• Exercise aim:
Beneath this instruction is a block of data; output from it exactly the lines that run from the one containing "Photo of Bedroom in Canton" through the one containing "Robert Irwin Teases", inclusive.

• Task data:
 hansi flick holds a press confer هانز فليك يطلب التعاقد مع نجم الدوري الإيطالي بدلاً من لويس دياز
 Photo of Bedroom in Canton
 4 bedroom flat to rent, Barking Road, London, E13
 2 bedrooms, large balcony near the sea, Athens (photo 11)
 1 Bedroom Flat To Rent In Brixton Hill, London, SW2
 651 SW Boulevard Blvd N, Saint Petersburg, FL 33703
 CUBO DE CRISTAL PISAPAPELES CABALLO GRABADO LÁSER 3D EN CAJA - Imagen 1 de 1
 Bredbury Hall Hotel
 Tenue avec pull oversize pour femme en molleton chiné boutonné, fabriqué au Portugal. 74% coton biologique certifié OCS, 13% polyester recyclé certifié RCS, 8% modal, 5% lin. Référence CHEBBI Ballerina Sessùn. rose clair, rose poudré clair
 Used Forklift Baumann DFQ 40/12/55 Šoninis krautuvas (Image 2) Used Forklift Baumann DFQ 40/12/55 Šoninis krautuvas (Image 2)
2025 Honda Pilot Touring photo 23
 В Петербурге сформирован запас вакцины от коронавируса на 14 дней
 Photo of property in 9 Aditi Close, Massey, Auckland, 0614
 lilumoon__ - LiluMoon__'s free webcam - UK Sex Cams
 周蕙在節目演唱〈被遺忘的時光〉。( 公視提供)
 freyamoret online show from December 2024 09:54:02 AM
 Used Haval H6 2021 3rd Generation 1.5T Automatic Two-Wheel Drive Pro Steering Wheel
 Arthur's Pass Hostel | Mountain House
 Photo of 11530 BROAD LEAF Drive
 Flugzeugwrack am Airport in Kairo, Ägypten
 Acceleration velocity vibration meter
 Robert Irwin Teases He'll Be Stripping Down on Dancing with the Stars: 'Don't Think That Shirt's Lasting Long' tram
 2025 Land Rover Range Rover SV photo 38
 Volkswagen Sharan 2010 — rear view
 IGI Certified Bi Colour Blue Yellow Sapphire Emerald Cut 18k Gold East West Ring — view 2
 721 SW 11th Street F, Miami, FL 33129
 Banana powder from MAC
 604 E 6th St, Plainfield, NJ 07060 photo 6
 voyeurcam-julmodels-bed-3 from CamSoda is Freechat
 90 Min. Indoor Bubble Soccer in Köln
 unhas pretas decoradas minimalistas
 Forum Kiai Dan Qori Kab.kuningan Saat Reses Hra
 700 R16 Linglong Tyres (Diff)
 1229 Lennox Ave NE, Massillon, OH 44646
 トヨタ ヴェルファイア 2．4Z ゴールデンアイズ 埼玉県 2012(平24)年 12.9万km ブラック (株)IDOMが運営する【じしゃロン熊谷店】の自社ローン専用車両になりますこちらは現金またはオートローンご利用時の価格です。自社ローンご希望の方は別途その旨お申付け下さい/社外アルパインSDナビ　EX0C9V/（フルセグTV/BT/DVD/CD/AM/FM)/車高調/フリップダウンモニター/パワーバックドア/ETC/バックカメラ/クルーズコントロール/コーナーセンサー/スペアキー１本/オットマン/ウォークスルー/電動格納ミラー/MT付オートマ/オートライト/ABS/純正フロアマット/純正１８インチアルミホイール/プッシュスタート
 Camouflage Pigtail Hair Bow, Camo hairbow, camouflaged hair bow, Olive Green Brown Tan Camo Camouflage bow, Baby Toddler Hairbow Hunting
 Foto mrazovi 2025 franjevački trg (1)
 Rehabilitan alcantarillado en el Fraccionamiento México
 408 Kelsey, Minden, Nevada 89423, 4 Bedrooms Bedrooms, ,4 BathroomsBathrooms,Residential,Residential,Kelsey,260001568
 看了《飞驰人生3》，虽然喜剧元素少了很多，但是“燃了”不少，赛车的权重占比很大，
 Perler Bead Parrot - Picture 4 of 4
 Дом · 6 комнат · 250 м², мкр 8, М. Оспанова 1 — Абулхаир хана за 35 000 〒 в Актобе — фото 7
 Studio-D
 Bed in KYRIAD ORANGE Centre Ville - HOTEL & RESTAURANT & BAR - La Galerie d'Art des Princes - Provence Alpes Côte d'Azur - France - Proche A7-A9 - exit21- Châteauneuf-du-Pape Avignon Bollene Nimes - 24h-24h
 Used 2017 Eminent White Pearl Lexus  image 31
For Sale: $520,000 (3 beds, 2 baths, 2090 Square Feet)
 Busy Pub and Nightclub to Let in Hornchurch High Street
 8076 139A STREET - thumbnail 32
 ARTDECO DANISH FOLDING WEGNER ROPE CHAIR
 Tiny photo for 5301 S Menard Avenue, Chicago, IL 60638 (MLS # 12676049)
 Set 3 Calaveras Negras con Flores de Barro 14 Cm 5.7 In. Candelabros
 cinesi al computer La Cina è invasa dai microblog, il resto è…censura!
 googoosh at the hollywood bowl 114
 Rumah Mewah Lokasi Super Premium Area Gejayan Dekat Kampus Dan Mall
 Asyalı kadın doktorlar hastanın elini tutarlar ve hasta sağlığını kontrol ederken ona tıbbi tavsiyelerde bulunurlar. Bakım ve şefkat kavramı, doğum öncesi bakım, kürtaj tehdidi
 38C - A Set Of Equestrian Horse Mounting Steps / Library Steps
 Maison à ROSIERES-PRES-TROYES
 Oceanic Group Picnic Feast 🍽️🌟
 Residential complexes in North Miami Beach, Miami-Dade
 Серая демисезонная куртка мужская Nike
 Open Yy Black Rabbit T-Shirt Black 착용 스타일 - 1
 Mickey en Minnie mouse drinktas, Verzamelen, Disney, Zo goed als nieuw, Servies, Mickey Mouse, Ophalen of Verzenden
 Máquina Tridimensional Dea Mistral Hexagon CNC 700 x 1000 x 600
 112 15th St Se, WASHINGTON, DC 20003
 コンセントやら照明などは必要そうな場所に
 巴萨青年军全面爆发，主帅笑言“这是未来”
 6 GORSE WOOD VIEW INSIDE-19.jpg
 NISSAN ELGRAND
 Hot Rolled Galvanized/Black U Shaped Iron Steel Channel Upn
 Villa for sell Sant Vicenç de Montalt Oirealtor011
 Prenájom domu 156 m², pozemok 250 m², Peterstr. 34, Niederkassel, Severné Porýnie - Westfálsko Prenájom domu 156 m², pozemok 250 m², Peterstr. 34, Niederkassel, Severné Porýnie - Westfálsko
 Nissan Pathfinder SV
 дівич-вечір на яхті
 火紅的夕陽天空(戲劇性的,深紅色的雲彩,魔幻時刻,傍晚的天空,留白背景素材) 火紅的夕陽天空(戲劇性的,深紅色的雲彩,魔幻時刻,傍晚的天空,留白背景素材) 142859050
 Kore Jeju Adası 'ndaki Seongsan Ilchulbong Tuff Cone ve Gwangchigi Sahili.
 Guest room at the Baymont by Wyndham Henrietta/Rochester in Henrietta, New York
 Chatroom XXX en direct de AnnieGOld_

• Written reply:
 Photo of Bedroom in Canton
 4 bedroom flat to rent, Barking Road, London, E13
 2 bedrooms, large balcony near the sea, Athens (photo 11)
 1 Bedroom Flat To Rent In Brixton Hill, London, SW2
 651 SW Boulevard Blvd N, Saint Petersburg, FL 33703
 CUBO DE CRISTAL PISAPAPELES CABALLO GRABADO LÁSER 3D EN CAJA - Imagen 1 de 1
 Bredbury Hall Hotel
 Tenue avec pull oversize pour femme en molleton chiné boutonné, fabriqué au Portugal. 74% coton biologique certifié OCS, 13% polyester recyclé certifié RCS, 8% modal, 5% lin. Référence CHEBBI Ballerina Sessùn. rose clair, rose poudré clair
 Used Forklift Baumann DFQ 40/12/55 Šoninis krautuvas (Image 2) Used Forklift Baumann DFQ 40/12/55 Šoninis krautuvas (Image 2)
2025 Honda Pilot Touring photo 23
 В Петербурге сформирован запас вакцины от коронавируса на 14 дней
 Photo of property in 9 Aditi Close, Massey, Auckland, 0614
 lilumoon__ - LiluMoon__'s free webcam - UK Sex Cams
 周蕙在節目演唱〈被遺忘的時光〉。( 公視提供)
 freyamoret online show from December 2024 09:54:02 AM
 Used Haval H6 2021 3rd Generation 1.5T Automatic Two-Wheel Drive Pro Steering Wheel
 Arthur's Pass Hostel | Mountain House
 Photo of 11530 BROAD LEAF Drive
 Flugzeugwrack am Airport in Kairo, Ägypten
 Acceleration velocity vibration meter
 Robert Irwin Teases He'll Be Stripping Down on Dancing with the Stars: 'Don't Think That Shirt's Lasting Long' tram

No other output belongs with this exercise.